El documento identifica como líder de la organización a Elder Rodríguez Torres, alias “La Hormiga”, quien junto a su socio conocido como “El Lanchero”, tejió una red de corrupción que involucró a elementos de la Marina, Guardia Nacional y la Defensa, así como a funcionarios de la Fiscalía General de la República (FGR) en Comalcalco.
De acuerdo con la investigación, la red pagaba 10 mil pesos a marinos para permitir el acceso a las instalaciones y la extracción de combustibles, mientras que a personal de la Guardia Nacional y la Defensa se les entregaban sobornos de 5 mil pesos. En paralelo, funcionarios de la FGR presuntamente se encargaban de desaparecer denuncias contra la organización.
El informe también describe el modus operandi: los líderes coordinaban la sustracción de diésel y gasolina desde barcos que arribaban a la terminal marítima de Dos Bocas, con la participación de capitanes de embarcaciones que trasladaban el hidrocarburo en lanchas hacia el río. De ahí, el combustible era cargado en camionetas y llevado a bodegas conocidas como “la casa morada”.

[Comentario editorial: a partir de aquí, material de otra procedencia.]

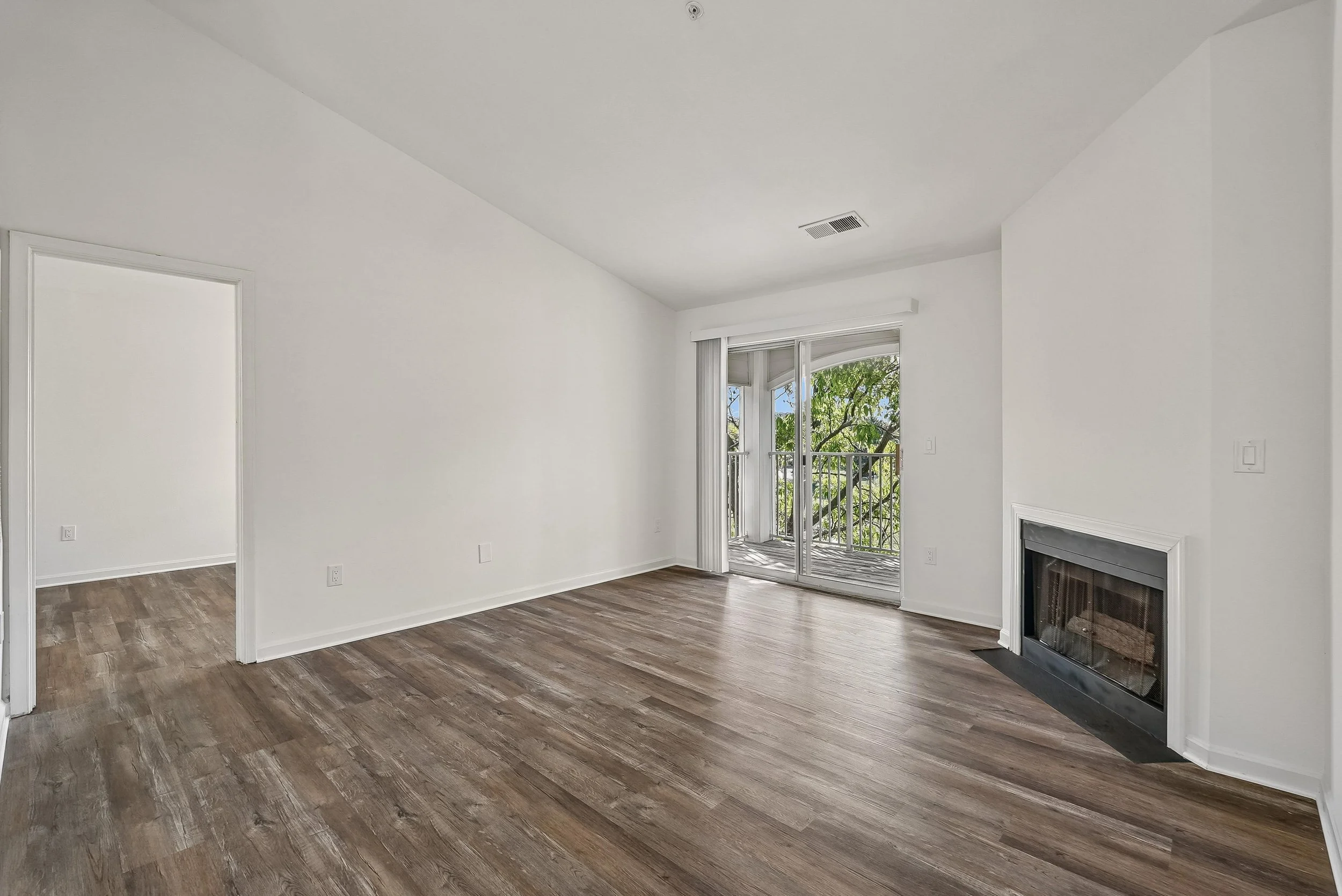  Spacious living space in our standard market apartment homes. 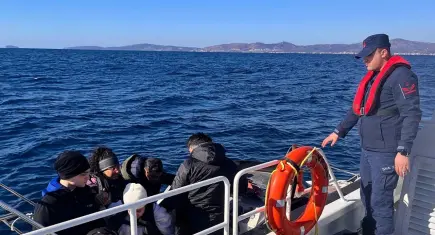 İzmir'de göçmen açakçılığı operasyonu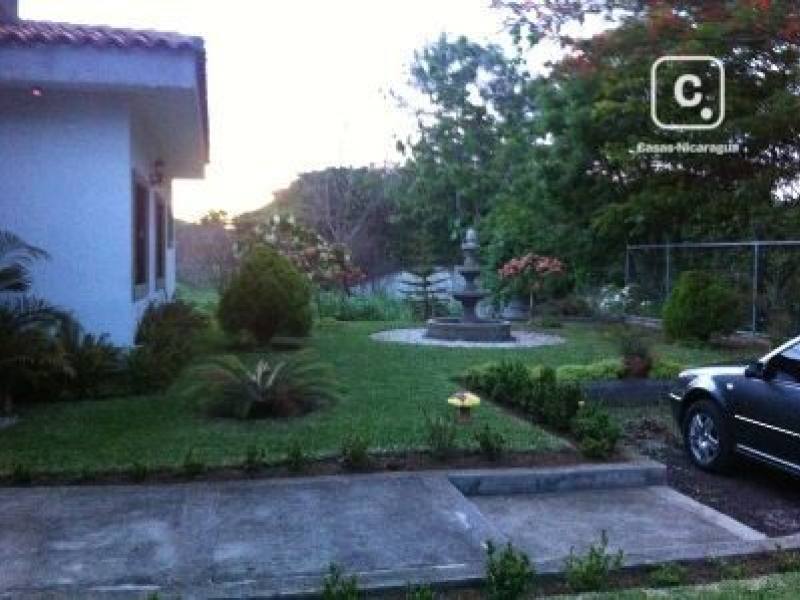 Casa en venta en Carretera Vieja a León, Managua – 3 hab, 258 m²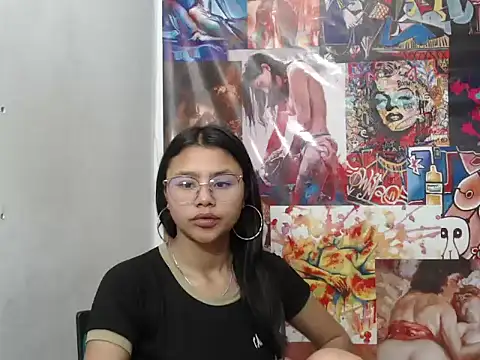 SofieLove 01 online show from 10/08/25, 09:07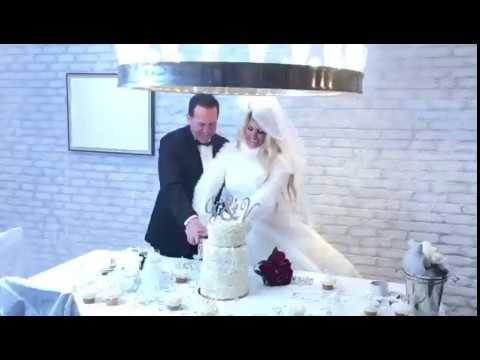 El momento de la torta del casamiento de Vicky Xipolitakis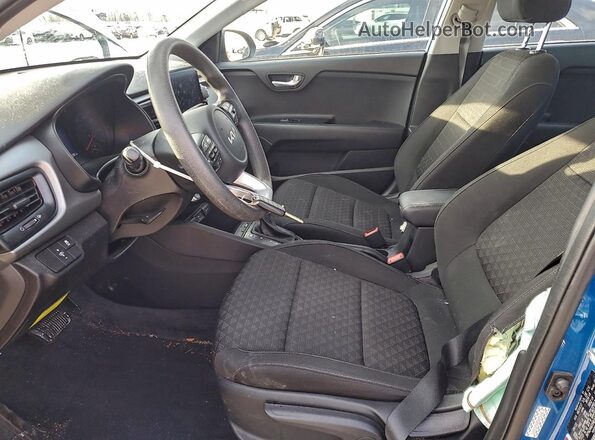 3KPA24AD5NE474497 2022 KIA RIO Blue წინა სალონის ხედი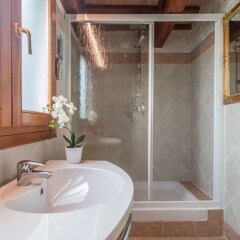 Отель Villa Dolcetti Италия, Мира - отзывы, цены и фото номеров - забронировать отель Villa Dolcetti онлайн ванная фото 2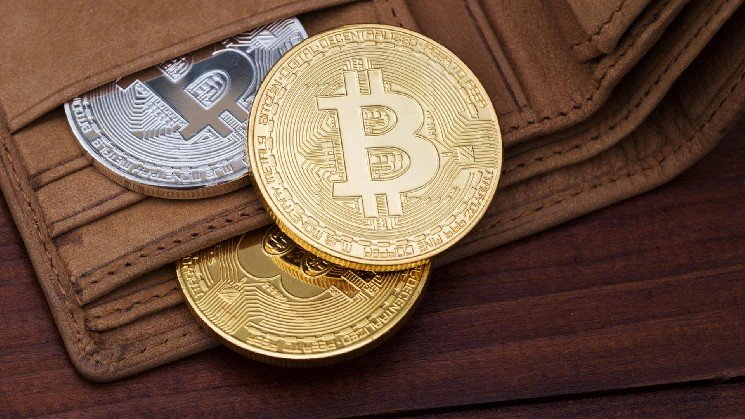 Bitcoin wallets untouched for 10 years moved $40 million. Most avoided exchanges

Las operaciones se realizaban principalmente a partir de las 22:00 horas, cuando “El Lanchero” enviaba a varios capitanes identificados con alias como La Gordo, El Chilo, Vacal, Layón y El Negro. Posteriormente, al menos ocho colaboradores en tierra distribuían el producto en gasolineras y puntos de venta clandestinos.
La filtración revela que la red criminal pudo operar con impunidad durante meses gracias a la protección de autoridades coludidas, lo que permitió un saqueo sistemático de hidrocarburos en una de las obras estratégicas más importantes del país.